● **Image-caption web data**

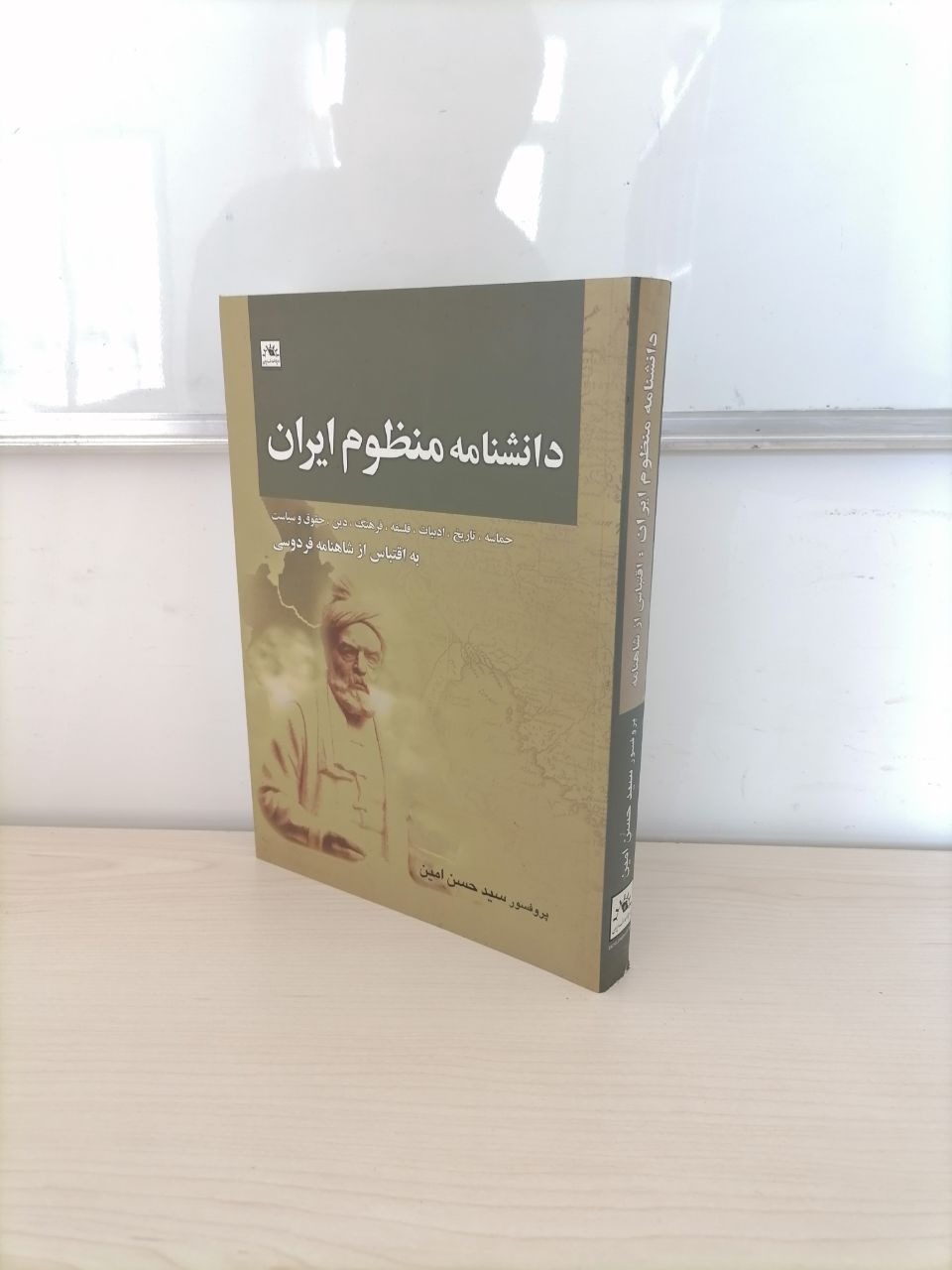 دانشنامه منظوم ایران از سیدحسن امین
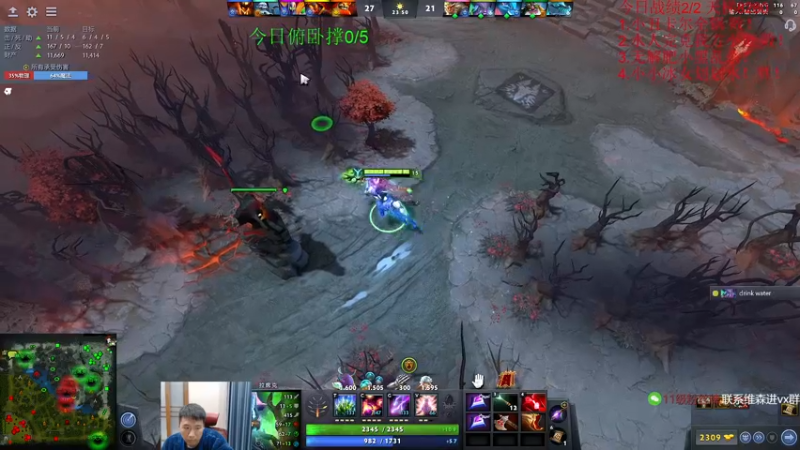 【2022-11-24 14点场】霸气虚幻哥1991：努力认真上分！73965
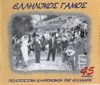 Ellinikos Gamos (Ελληνικός Γάμος) - Various Artists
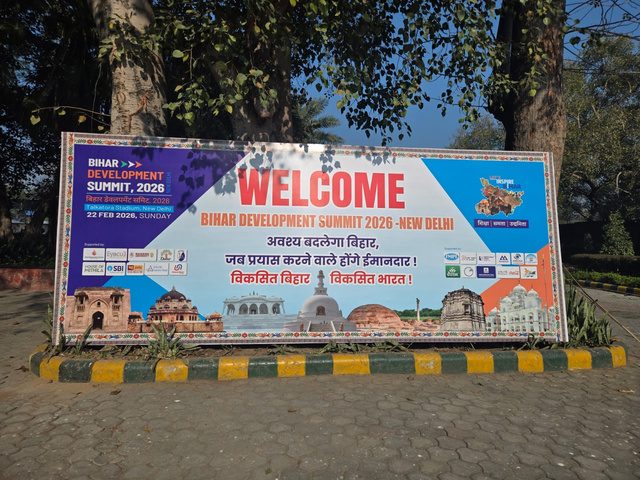 Welcome banner at shooting championship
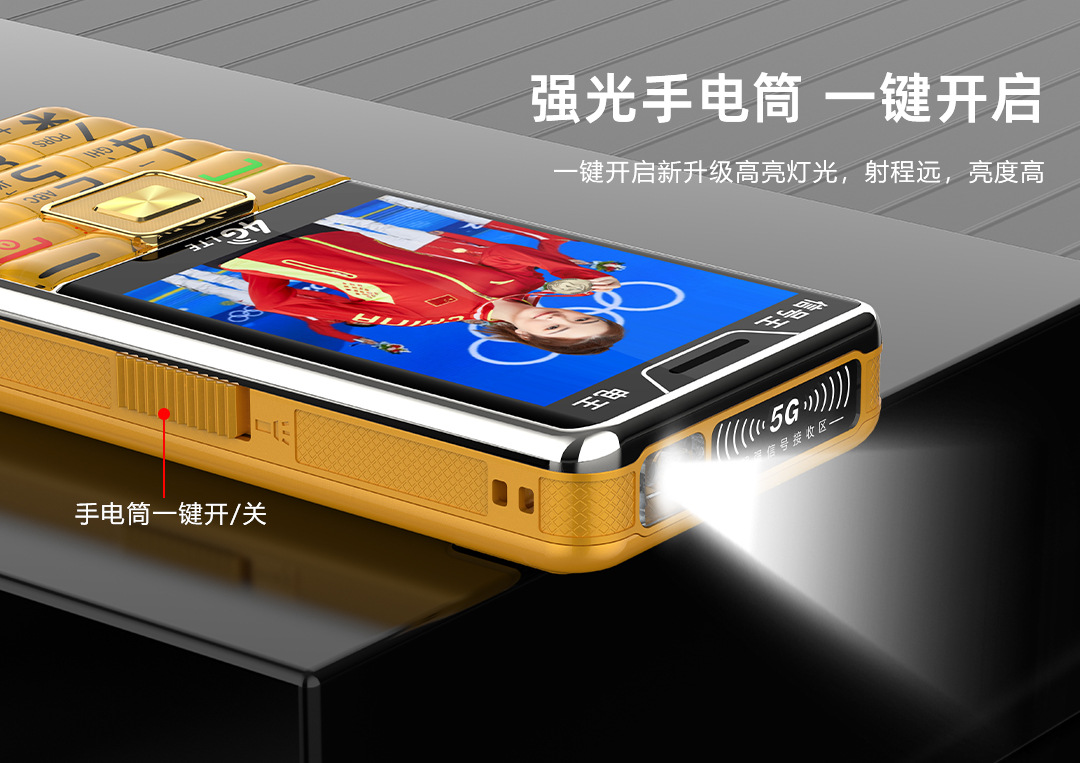 【3.0 Super Strong Signal King 】4G / 5G Card Full Network Support, Movie Standby for 100 days, Elderly Positioning, Student mobile phone undefined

● **Task to complete**
Each entry above needs to be restated without a single word changed; skip the images.

● **Reply to the task**
 دانشنامه منظوم ایران از سیدحسن امین
 【2022-11-24 14点场】霸气虚幻哥1991：努力认真上分！73965
 Ellinikos Gamos (Ελληνικός Γάμος) - Various Artists
 Welcome banner at shooting championship
 【3.0 Super Strong Signal King 】4G / 5G Card Full Network Support, Movie Standby for 100 days, Elderly Positioning, Student mobile phone undefined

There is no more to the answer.